Urogenital infection can be diagnosed using a nucleic acid amplification test (NAAT), cell culture, direct immunofluorescence, or enzyme immunoassay (EIA) on endocervical specimens, male urethral swab, and/or urine specimens. NAATs are the most sensitive tests for these specimens but they are not approved by the Food and Drug Administration (FDA) for use on rectal or oropharyngeal swab specimens.2 NAAT testing may also be done on liquid based cytology specimens collected from Pap smears, although the sensitivity may be lower than cervical swab specimens.2


As the majority of infected women do not experience clinical symptoms, CDC recommends annual screening of asymptomatic women in the following groups:

  • All sexually active women age 25 or younger.
  • Sexually active women older than 25 years with certain risk factors: a new sex partner, more than one sex partner, inconsistent condom use, or history of STDs.
  • Sexually active men in high prevalence settings (e.g., correctional facilities and STD clinics).
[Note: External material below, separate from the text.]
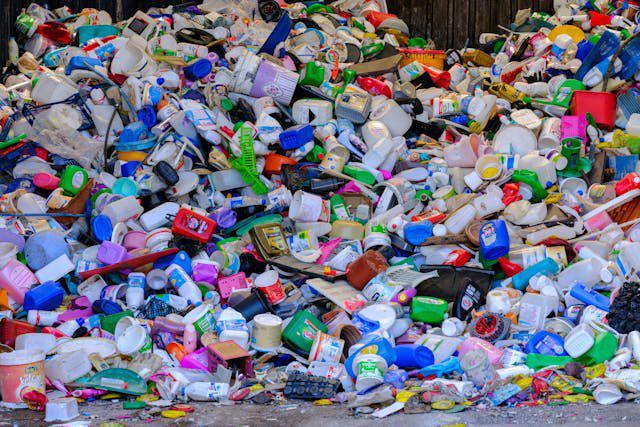Sampah Plastik di Kota Tangerang saat Ramadan Diprediksi Naik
Treatment should be immediate, as any delay can increase the risk of complications, such as PID.2 Recommended treatment:

  • Azithromycin 1 gm po as one single dose (treatment of choice for patients with poor compliance or unpredictable follow-up) or
  • Doxycycline 100mg po BID x 7 days2

Alternative treatments

  • Erythromycin base 500mg po QID x 7 days or
  • Erythromycin ethylsuccinate 800mg po QID x 7 days or
  • Levofloxacin 500mg po once daily x 7 days or
  • Ofloxacin 300mg po BID x 7 days Patients should be instructed to abstain from sexual intercourse for 7 days after single dose therapy or until completion of a 7 day regimen. Patients should also abstain from sexual activity until their partner(s) have been treated.2

Treatment of partners

Any partners within 60 days of diagnosis and/or the most recent sex partner should be referred immediately for treatment.2

Special populations

  • HIV-positive patients should receive the same treatment as HIV-negative patients.
  • Pregnant patients should not use fluoroquinolones or doxycycline as they are contraindicated in pregnancy. Azithromycin is safe for use.2

Follow Up

Test-of-cure: Except in pregnant women, test-of-cure (i.e., repeat testing 3 to 4 weeks after completing therapy) is not advised for persons treated with the recommended or alternative regimens, unless therapeutic compliance is in question, symptoms persist, or reinfection is suspected.2

Re-testing: Because of the high risk of reinfection, usually caused by a failure to treat sex partners or initiation of sexual activity with a new partner, retest 3 months after treatment (or whenever the person next presents for medical care in the 12 months following initial treatment), regardless of treatment status of partners. Repeat infections confer an elevated risk for PID and other complications.